The West Yorkshire Financial Exploitation and Abuse Team aims to investigate and prevent scams carried out by doorstep criminals and fraudsters using phone, post and email, but also abuse committed by members of the victim’s own family.
Age UK warned recently that the country’s ageing population resulted in a steep rise in the number of older people with dementia and other cognitive problems who were at risk of financial abuse.
Women in their 80s living by themselves are said to be at the highest risk of being targeted, and the charity says scams committed by people unrelated to the victim are an increasing problem.
The team, made up of specialists from police, adult social care and trading standards operating from the same site, was launched in October.
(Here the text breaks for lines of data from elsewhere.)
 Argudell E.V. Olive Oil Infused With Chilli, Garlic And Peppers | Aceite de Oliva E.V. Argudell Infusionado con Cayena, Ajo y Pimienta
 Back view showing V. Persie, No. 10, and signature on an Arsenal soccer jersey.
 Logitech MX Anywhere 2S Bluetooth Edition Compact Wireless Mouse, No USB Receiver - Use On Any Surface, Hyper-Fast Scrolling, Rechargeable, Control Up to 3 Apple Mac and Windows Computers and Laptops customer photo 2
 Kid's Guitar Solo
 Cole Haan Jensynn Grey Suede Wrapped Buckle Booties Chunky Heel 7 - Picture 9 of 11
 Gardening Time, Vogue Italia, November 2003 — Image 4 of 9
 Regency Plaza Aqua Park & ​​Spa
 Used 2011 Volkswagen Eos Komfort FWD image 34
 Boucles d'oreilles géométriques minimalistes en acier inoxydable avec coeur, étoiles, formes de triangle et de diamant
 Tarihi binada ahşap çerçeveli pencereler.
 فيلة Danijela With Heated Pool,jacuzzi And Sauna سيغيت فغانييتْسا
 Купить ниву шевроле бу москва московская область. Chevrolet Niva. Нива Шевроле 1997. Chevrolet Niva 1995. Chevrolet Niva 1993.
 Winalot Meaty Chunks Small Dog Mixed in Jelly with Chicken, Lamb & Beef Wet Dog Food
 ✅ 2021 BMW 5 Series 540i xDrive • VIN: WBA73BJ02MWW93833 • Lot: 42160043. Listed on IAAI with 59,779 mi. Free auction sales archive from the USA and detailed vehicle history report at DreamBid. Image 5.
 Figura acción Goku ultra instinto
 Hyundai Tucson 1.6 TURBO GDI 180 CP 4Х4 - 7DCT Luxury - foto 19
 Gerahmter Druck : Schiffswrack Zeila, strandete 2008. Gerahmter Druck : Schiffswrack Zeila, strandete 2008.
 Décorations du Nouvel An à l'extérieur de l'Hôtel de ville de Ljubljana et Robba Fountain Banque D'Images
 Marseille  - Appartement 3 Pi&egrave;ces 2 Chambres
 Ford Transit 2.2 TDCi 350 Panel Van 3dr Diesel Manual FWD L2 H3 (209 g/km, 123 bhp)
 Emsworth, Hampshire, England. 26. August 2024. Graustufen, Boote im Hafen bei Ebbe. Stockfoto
It is working on cases including an investigation into a crime group operating across the North of England, selling shoddy double glazing services for exorbitant prices and targeting the elderly.
The task force was involved in securing convictions against West Yorkshire company directors Robert Morrison and Paul Towers, who used sick and vulnerable pensioners as “meal tickets” in a scam which netted them more than £2m.
The pair were jailed after they used heavy-handed tactics to pressure dementia suffers and the blind into handing over cash for sub-standard work.
West Yorkshire Police and Crime Commissioner Mark Burns-Williamson, who helped fund the unit with £109,000 from his budget, said it was “already making a real difference”.
He said: “The awful consequences of targeting people for financial exploitation and crime is all too clear and it’s particularly important that we protect and support those that are most vulnerable, which is a key priority in my new Police and Crime Plan.
“Crimes such as these can have a really detrimental effect on the victim and their quality of life going forward.
“This team will protect people from these heartless criminals, help to bring the perpetrators to justice, fully support victims and reduce repeat victimisation.”
Nationally there are an estimated 170,000 doorstep crime incidents, with only five per cent being reported, and 2.5 million people fall victim to scams each year.
Age UK has warned that banks need to take more responsibility for scams carried out using bank accounts opened with them.
The charity said last year that banks deem the customer to be at fault if the scammer has tricked them into authorising a transaction.
Director Caroline Abrahams said it was important “that we develop practical tools for organisations, not just in the financial sector but in health and care too”.
She said this would “help staff who engage with older people to be alert to cognitive decline, the consequent risks of financial exploitation and abuse, and how best to prevent and tackle them”.